Records excerpted from a collection:
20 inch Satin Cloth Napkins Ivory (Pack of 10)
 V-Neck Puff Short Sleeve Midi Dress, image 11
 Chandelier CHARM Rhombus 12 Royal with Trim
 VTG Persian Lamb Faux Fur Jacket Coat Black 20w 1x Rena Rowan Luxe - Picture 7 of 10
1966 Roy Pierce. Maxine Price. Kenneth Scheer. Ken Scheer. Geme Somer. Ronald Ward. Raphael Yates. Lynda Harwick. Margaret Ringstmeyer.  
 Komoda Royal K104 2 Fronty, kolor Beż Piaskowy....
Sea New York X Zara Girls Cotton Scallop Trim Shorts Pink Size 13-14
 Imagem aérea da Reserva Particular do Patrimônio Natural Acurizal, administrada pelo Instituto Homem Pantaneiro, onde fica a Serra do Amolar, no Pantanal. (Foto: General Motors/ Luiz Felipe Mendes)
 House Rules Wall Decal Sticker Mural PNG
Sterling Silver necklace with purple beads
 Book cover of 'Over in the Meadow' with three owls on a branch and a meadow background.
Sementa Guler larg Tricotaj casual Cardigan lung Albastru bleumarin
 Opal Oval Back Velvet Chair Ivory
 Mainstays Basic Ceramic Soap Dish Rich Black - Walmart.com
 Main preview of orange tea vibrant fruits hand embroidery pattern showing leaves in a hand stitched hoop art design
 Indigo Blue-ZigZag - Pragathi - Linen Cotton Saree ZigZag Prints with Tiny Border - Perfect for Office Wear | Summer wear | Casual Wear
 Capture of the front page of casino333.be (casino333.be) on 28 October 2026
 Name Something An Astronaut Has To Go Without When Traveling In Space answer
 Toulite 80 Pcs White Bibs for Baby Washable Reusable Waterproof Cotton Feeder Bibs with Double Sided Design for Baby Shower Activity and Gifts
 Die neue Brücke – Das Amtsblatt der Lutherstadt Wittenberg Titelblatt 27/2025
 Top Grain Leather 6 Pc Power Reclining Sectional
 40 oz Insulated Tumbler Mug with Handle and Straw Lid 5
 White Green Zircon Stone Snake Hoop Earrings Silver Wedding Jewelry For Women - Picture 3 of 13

_REQUIRED ACTION:_
Filter the records above for lines with "Cotton".

_RESPONSE AREA:_
Sea New York X Zara Girls Cotton Scallop Trim Shorts Pink Size 13-14
 Indigo Blue-ZigZag - Pragathi - Linen Cotton Saree ZigZag Prints with Tiny Border - Perfect for Office Wear | Summer wear | Casual Wear
 Toulite 80 Pcs White Bibs for Baby Washable Reusable Waterproof Cotton Feeder Bibs with Double Sided Design for Baby Shower Activity and Gifts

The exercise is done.